The Careful Resumption Under Improved Safety Enhancements (CRUISE) Act made it to the Senate floor, but Murray objected, and that kept the bill from passing.

“While I am as eager as anyone else to see a return to travel, we cannot cut corners. Doing so risks lives and will only further delay returning to normal, hurting our economy more in the long run,” Murray said.

“We must trust the science and we must allow the CDC to continue its work to help us return to what we love as safely as possible. So I will continue to work with CDC and the administration as they develop the next phase of their cruising guidance, but for now, I object,” Murray said.

Sullivan argued that at the beginning of the pandemic, little was known about the virus, but over a year later, that has changed, and there are now vaccines.

“You know, Sen. [Lisa] Murkowski and I had a meeting, our second meeting with the CDC Director, just three weeks ago. In that meeting, she told us that they were going to issue all of the guidance for the cruise ships, issue it all so people can plan. They said that they could anticipate with this guidance that we could meet cruising opportunities to start by mid-July in Alaska. They said that, with this guidance, the CDC wouldn’t have to be approving every move, every move going forward. And they said they would take into consideration this huge progress we have made on vaccinating Americans. In my state, in southeast Alaska, there’s communities with 60%, 70%, 80% vaccination rates. That’s where these cruise ships are going to be going,” Sullivan said.
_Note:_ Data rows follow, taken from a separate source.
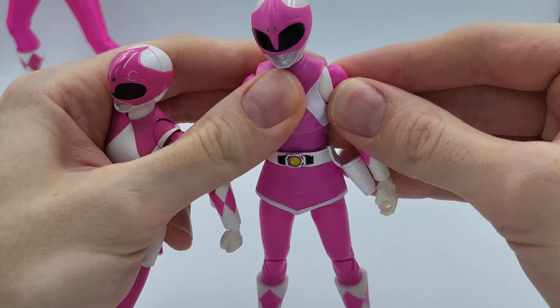Overall, just much better articulation on the SH figure, as you would expect — it's got more points of articulation, and even has a toe joint which the Hasbro figure doesn't have. I have found that with the Lightning Collection, the hinge on the foot is kind of like a clip which easily comes off, and that limits posability. So if you're going purely for articulation, the SH figure is the choice; if you're going for price, definitely the Hasbro figure. That's sort of my overall comments for these two.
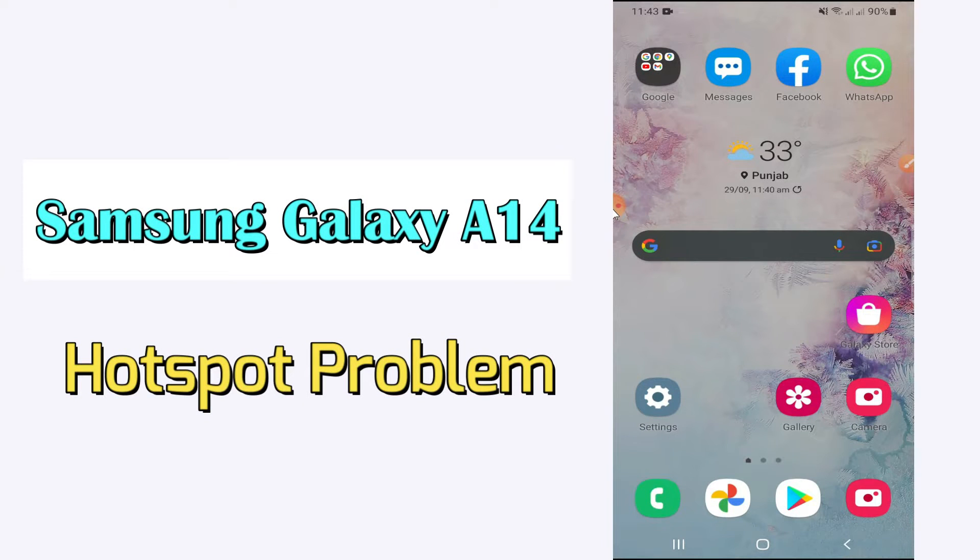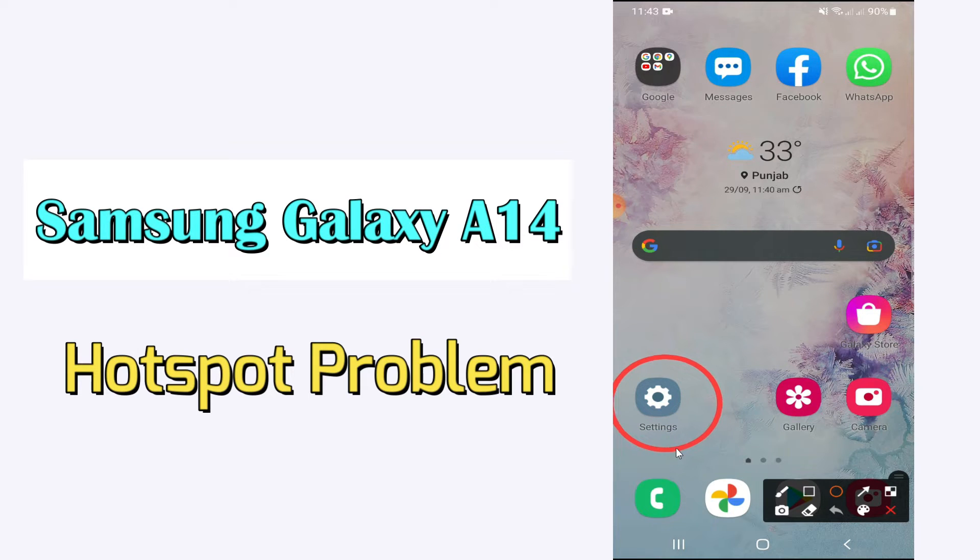Hi everyone, today in this video I'm going to show you how you can fix the hotspot problem in your Samsung Galaxy A14. If you're having any issue like hotspot is not working, I'll tell you a few tips and tricks that you can use to fix it. Before jumping into the video, if you are new to my channel, don't forget to subscribe and press the bell icon, and watch the complete video.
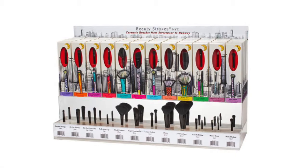Hi, I'm Christy Puccio. I'm a New York City based makeup artist and today I will be featuring the shadow smudger brush in the Streetwear collection from Beauty Strokes by FM Brush Company.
The unfortunate thing, Sullivan said, is not one thing the director of the CDC told him turned out to be true. 

“That’s not good. Her staff or somebody in the CDC needs to be held responsible for telling us something that was not true at all,” Sullivan said.

The CRUISE Act would revoke the Centers for Disease Control and Prevention’s “Conditional Sailing Order” on cruises and require the CDC to provide guidance to cruise lines that would allow them to resume operations. The bill further:

  • Establishes an interagency “Working Group” that will develop recommendations to facilitate the resumption of passenger cruise ship operations in the United States. The recommendations will facilitate the resumption of passenger cruise ship operations in the U.S. no later than July 4, 2021.
  • Requires the CDC, no later than July 4, 2021, to revoke the order entitled “Framework for Conditional Sailing and Initial Phase Covid-19 Testing Requirements for Protection of Crew.”
  • Ensures that the Department of Health and Human Services (HHS) and the CDC retain all appropriate authorities to make and enforce regulations necessary to prevent the introduction, transmission, or spread of communicable diseases on any individual cruise ship.

Congressman Don Young has similar legislation in the House of Representatives.